ESW is unknown, probably (factory) settings block ('environment software'?)
GFX contains raw (uncompressed) icon data for the LCD control panel. Upload section
file to https://rawpixels.net/ and see for yourself (width=50, height=2000, format=RGB32).
ISW likely is the code/webserver for the web gui and cloud ('ISW' = 'internet software'?).
ARM (thumb) code with base address 0x8004200 and entry point 0x800c161. Uses the STM32F4xx peripherals library,
the lwIP Lightweight IP stack
and the FatFs Generic FAT Filesystem Module.

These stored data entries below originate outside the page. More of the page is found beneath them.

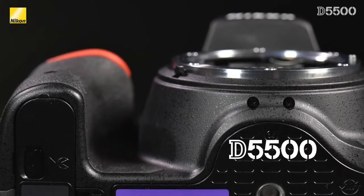Nikon actually designed the D5500 in a similar way to the D750, by using a monocoque chassis to increase overall rigidity and by using a new carbon fiber polycarbonate blend material to reduce both size and weight. This ensures that no matter who is using the D5500, it will feel both comfortable and sturdy in their hands.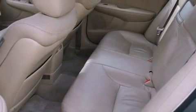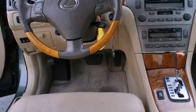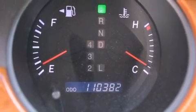Features include a power moonroof, memory seat controls, cruise control, a CD player, a leather-wrapped steering wheel, a passenger side vanity mirror, a security system, an anti-lock braking system, dual power seats, and fog lamps.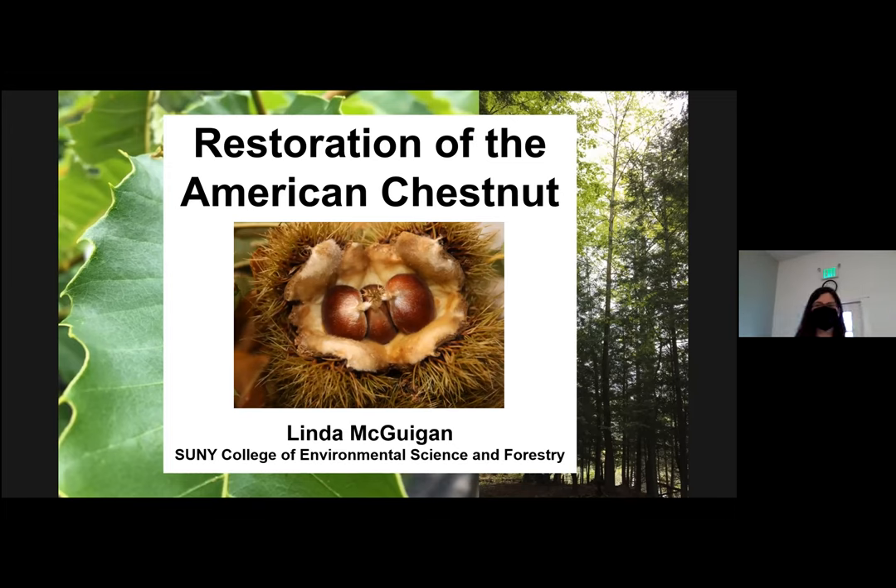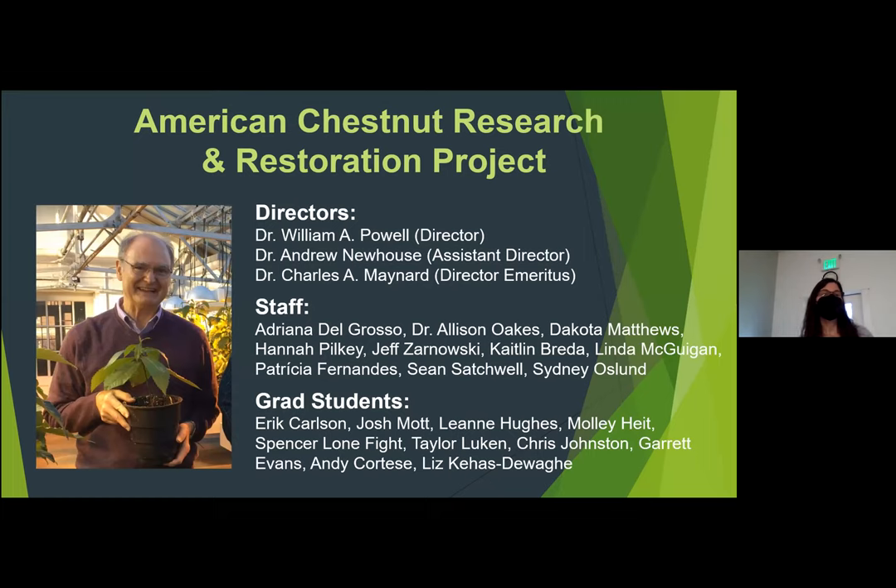Hi, I'm Linda McGuigan. I work at SUNY ESF, which is in Syracuse, New York. I'm going to talk to you today about the American Chestnut project that we do there in Syracuse. Thank you for inviting me here to speak about it. The American Chestnut Research and Restoration Project started in 1990. We were approached by the New York chapter of the American Chestnut Foundation and asked if we could try genetic engineering with American Chestnut.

TXT contains a FAT file system with HTML/CSS/PNG web gui data (/0/imgs/v_logo.png, /0/favicon.ico,
/0/index.htm, /0/css/minimzd.css, ...). Use fatcat section-2-2359062-1131675.bin -x /path/to/output/dir to extract. All HTML/CSS/JS files are gzipped.

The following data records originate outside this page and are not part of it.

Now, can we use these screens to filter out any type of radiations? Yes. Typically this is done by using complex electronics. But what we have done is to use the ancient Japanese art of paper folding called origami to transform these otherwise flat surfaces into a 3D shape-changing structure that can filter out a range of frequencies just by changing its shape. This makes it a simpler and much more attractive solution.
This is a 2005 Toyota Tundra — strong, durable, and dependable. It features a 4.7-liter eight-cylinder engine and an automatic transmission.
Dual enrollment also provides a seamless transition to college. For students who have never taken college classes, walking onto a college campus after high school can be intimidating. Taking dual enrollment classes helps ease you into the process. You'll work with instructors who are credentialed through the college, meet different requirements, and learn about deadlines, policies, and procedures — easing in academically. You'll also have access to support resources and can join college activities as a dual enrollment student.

PKG and ISW can be decompiled with your favourite weapon of choice:
retdec-decompiler.py -k -m raw -a thumb -e little --raw-entry-point 0x408725 --raw-section-vma 0x408000 section-1-0000036-0166496.bin
retdec-decompiler.py -k -m raw -a thumb -e little --raw-entry-point 0x800c161 --raw-section-vma 0x8004200 section-2-2004394-0354616.bin
-
Sections with subtype
0001(code blocks) are followed by 16 trailing bytes with unknown meaning (0x00000000, slen1+36, slen2+36, slen2+36). These bytes are not CRC-checked explicitly. -
Cyclone, Typhoon, and Hurricane are internal codenames (Cyclone = Base Board?, Typhoon = Control Panel?). To be checked.
- The firmware contains model and branding information for both Vallox products and Airflow's Adroit product range. Likely those products share one technical platform.